The build system relies on Autotools to build and install the shared C library `libtrexio`.
It provides additional `m4` macros to detect the HDF5 library and some other dependencies.
We can already produce debian package on the user machine and I wrote a short README about
it here: https://github.com/TREX-CoE/trexio/blob/master/debian/README.md.

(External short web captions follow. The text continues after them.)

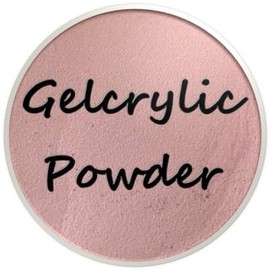 SHEBA NAILS Gelcrylic Newlyweds Winter Wedding Collection Kit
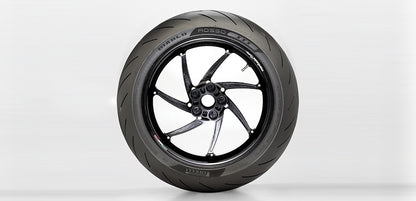 Pirelli Diablo Rosso III Tires
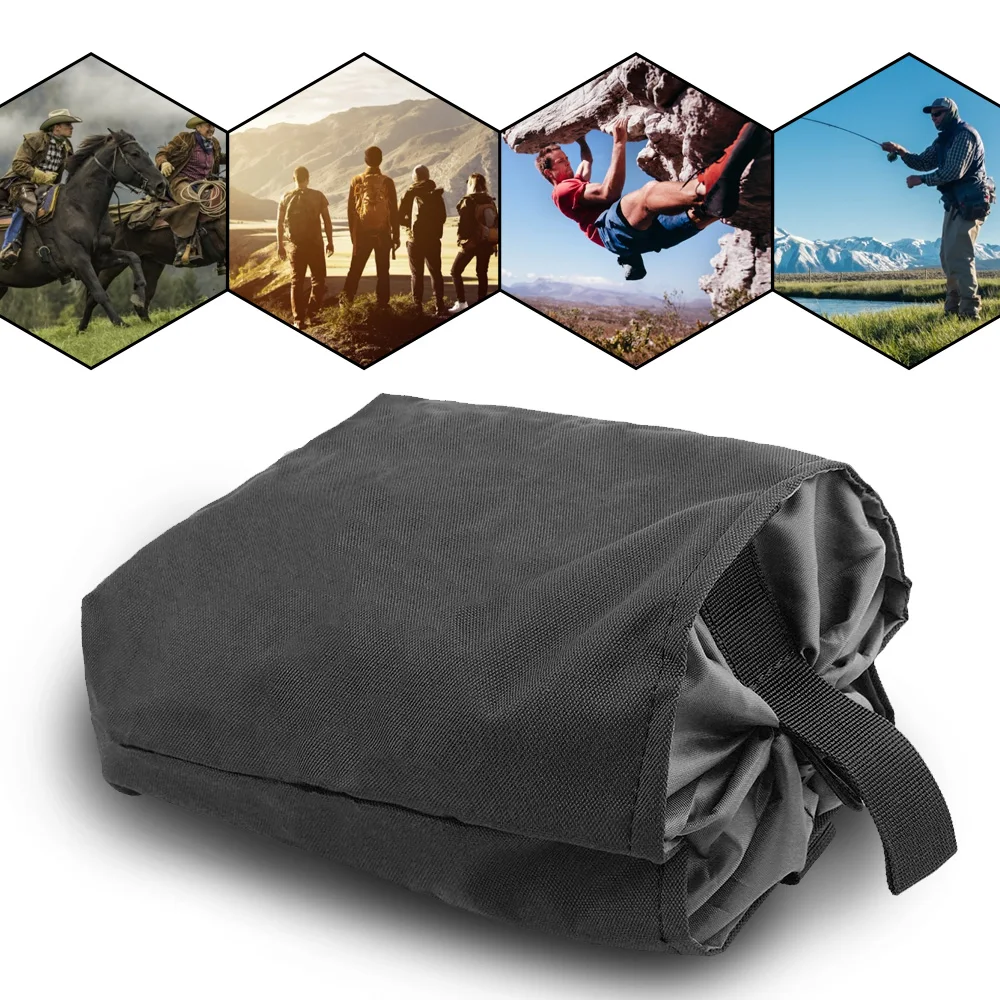 Складывающийся чехол для пейнтбола MOLLE Magazine Recovery Drop Dump Pouch|dump pouch|molle magazinepouch airsoft |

It requires only
the Autotools-generated distribution tarball.

TREXIO default dependencies are (when building from the distribution tarball, not from the 
GitHub repository clone):
 - libc
 - C compiler (gcc/icc/clang)
 - Autotools (autoconf >= 2.69, automake >= 1.11, libtool >= 2.2) or CMake (>= 3.16)
 - Fortran compiler (gfortran/ifort) [can be disabled at the `configure` time]
 - HDF5 library (>= 1.8) for high-performance I/O [can be disabled at the `configure` time]


This package can be particularly interesting for the Debichem team 
(https://wiki.debian.org/Debichem) and, in particular,
for the *Input prepataion and output processing* subsection:
https://blends.debian.org/debichem/tasks/input-generation-output-processing

To the best of our knowledge, TREXIO is the first package that attemps to unify data exchange.
However, there are some Python packages like `cclib` that can parse the output of some 
chemistry programs and convert them into other formats. However, they do not provide a uniform
API that can be used within the chemistry programs to *a priori* write/read data in a common 
format.

As this is my first packaging attempt, I do not know about the best practices and would 
appreciate any piece of advice.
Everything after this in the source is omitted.